» Description of the task: Look for the line containing "Trädgårdshus med träväggar, fönster" and the line containing "M. Pompeo susitiko" in the entries below. Copy those two and all lines between them exactly, leaving out pictures.

» Supplied records:
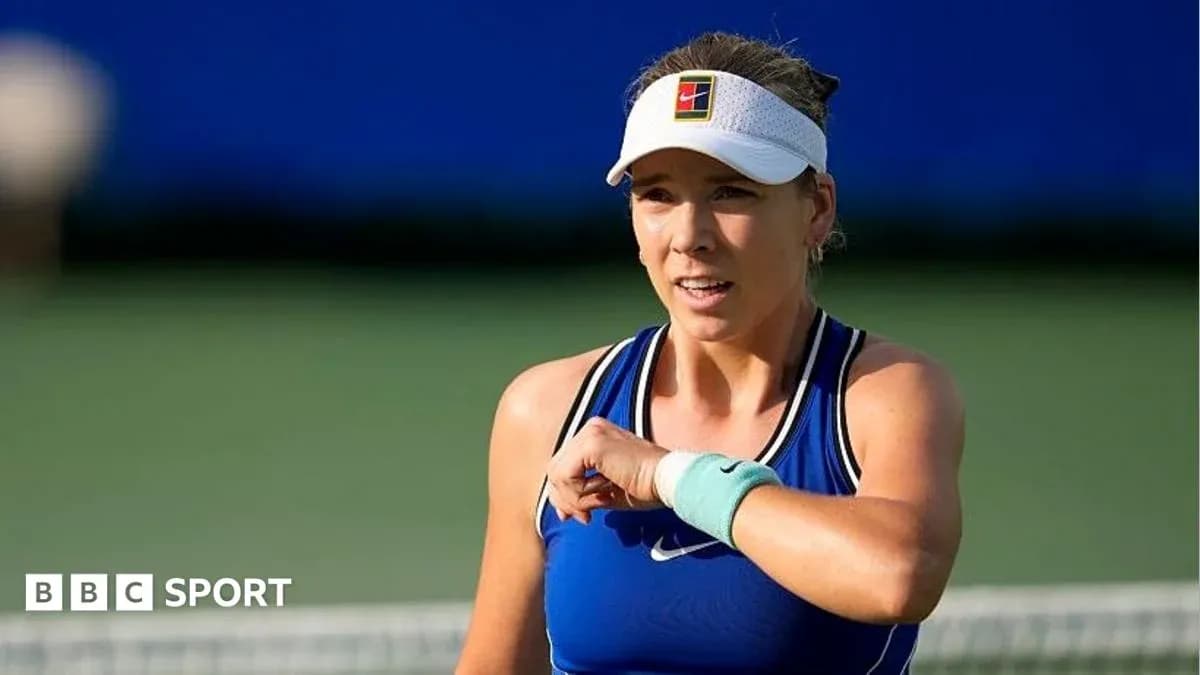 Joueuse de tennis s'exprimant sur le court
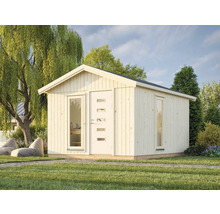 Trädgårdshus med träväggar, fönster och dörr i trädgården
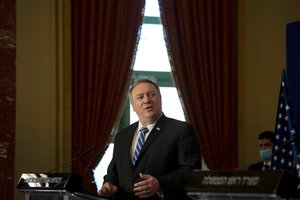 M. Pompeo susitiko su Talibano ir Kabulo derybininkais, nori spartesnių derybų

--

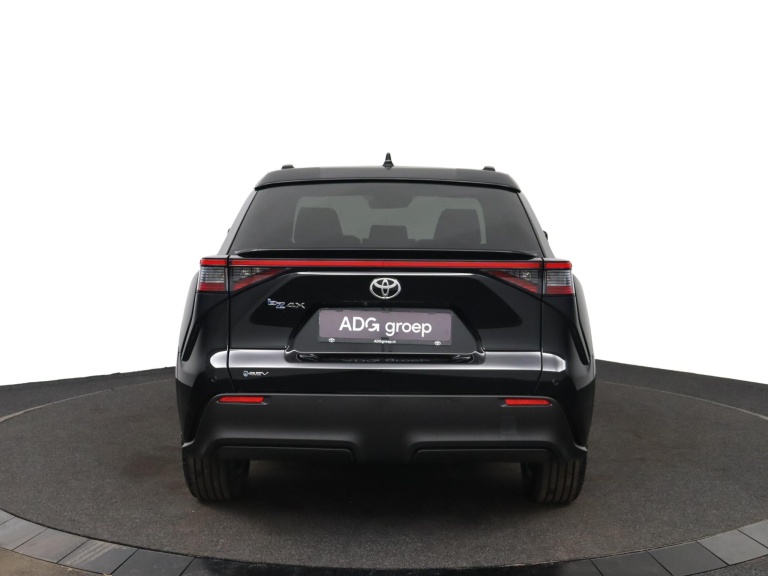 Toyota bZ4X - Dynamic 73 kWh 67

==

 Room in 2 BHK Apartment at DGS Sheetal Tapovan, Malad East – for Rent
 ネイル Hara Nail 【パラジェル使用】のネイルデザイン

» Answer to the problem:
 Trädgårdshus med träväggar, fönster och dörr i trädgården
 M. Pompeo susitiko su Talibano ir Kabulo derybininkais, nori spartesnių derybų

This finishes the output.